I have the following html part which repeates itself several times with other href links:
<div class="product-list-item margin-bottom">
<a title="titleexample" href="http://www.urlexample.com/example_1" data-style-id="sp_2866">
Now I want to get all the href links in this document that are directly after the div tag with the class "product-list-item". Pretty new to beautifulsoup and nothing that I came up with worked.
Thanks for your ideas.
EDIT: Does not really have to be beautifulsoup; when it can be done with regex and the python html parser this is also ok.
EDIT2: What I tried (I'm pretty new to python, so what I did might be totaly stupid from an advanced viewpoint):
soup = bs4.BeautifulSoup(htmlsource)
x = soup.find_all("div")
for i in range(len(x)):
if x[i].get("class") and "product-list-item" in x[i].get("class"):
print(x[i].get("class"))
This will give me a list of all the "product-list-item" but then I tried something like
print(x[i].get("class").next_element)
Because I thought next_element or next_sibling should give me the next tag but it just leads to AttributeError: 'list' object has no attribute 'next_element'. So I tried with only the first list element:
print(x[i][0].get("class").next_element)
Which led to this error: return self.attrs[key] KeyError: 0. Also tried with .find_all("href") and .get("href") but this all leads to the same errors.
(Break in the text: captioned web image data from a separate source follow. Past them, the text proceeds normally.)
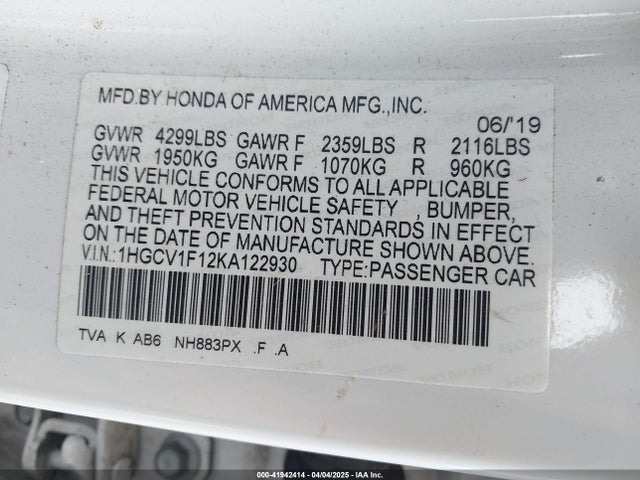 1HGCV1F12KA122930 Honda ACCORD LX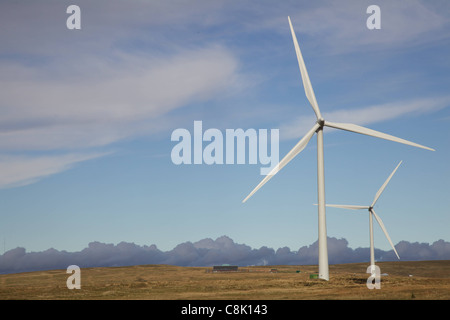 Per centrali eoliche Whitelee, Eaglesham Moor, vicino a Glasgow, in Scozia. Quando è stato costruito il più grande sulla riva per centrali eoliche in Europa. Foto Stock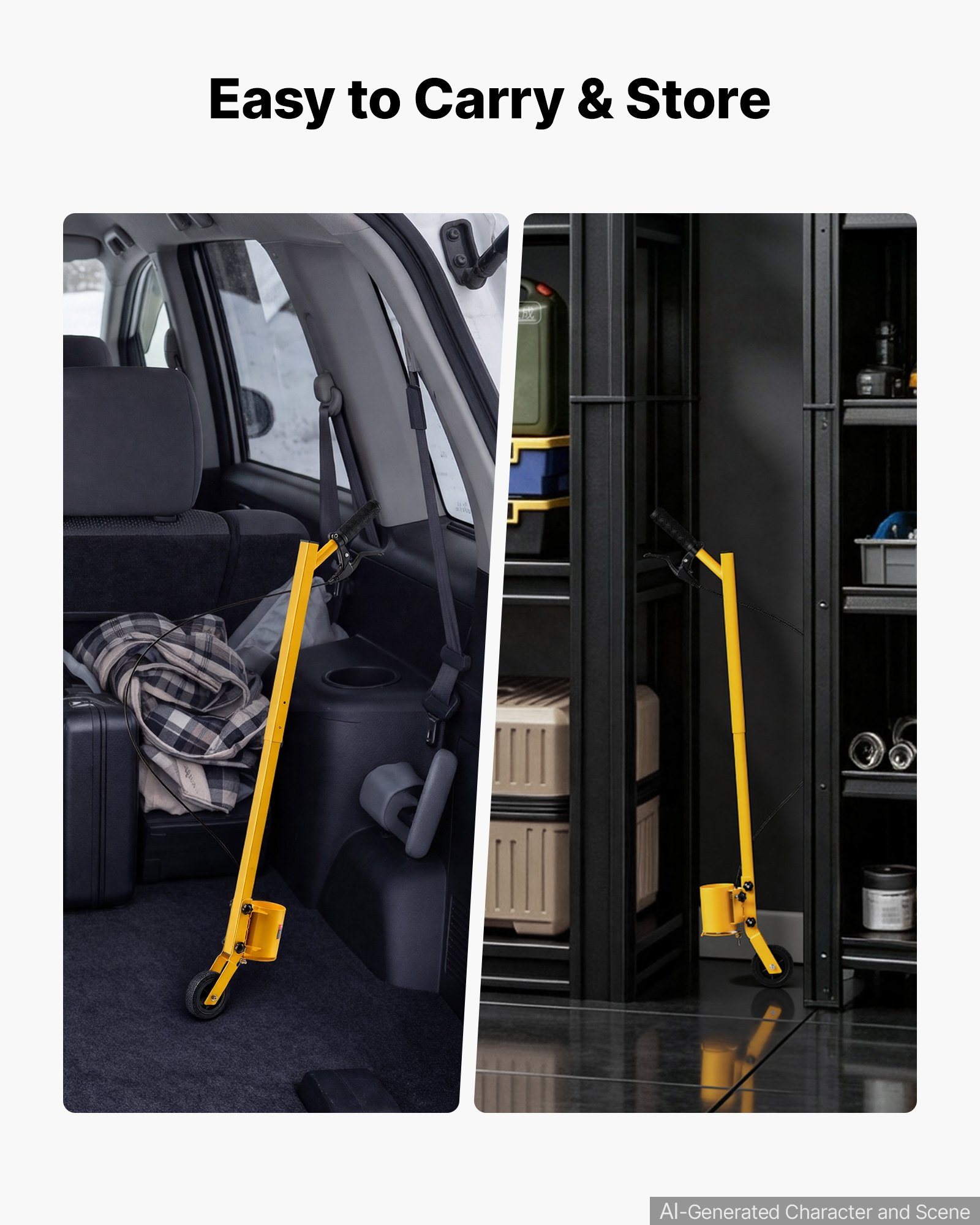 VEVOR Striping Line Painting Wand Heavy-Duty Wheel Marking Paint Wand, For Ground Marking, Parking Lot and Field, Lightweight and Easy to Push, Compatible with Inverted Striping Paint, Yellow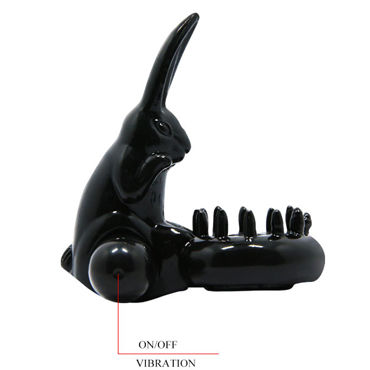 Baile Sweet Vibrating Sweet Ring Кролик, черное - подробные фото в секс шопе Condom-Shop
EDIT3: Ok seems I found out how to solve it, now I did:
x = soup.find_all("div")
for i in range(len(x)):
if x[i].get("class") and "product-list-item" in x[i].get("class"):
print(x[i].next_element.next_element.get("href"))
This can also be shortened by using another attribute to the find_all function:
x = soup.find_all("div", "product-list-item")
for i in x:
print(i.next_element.next_element.get("href"))
greetings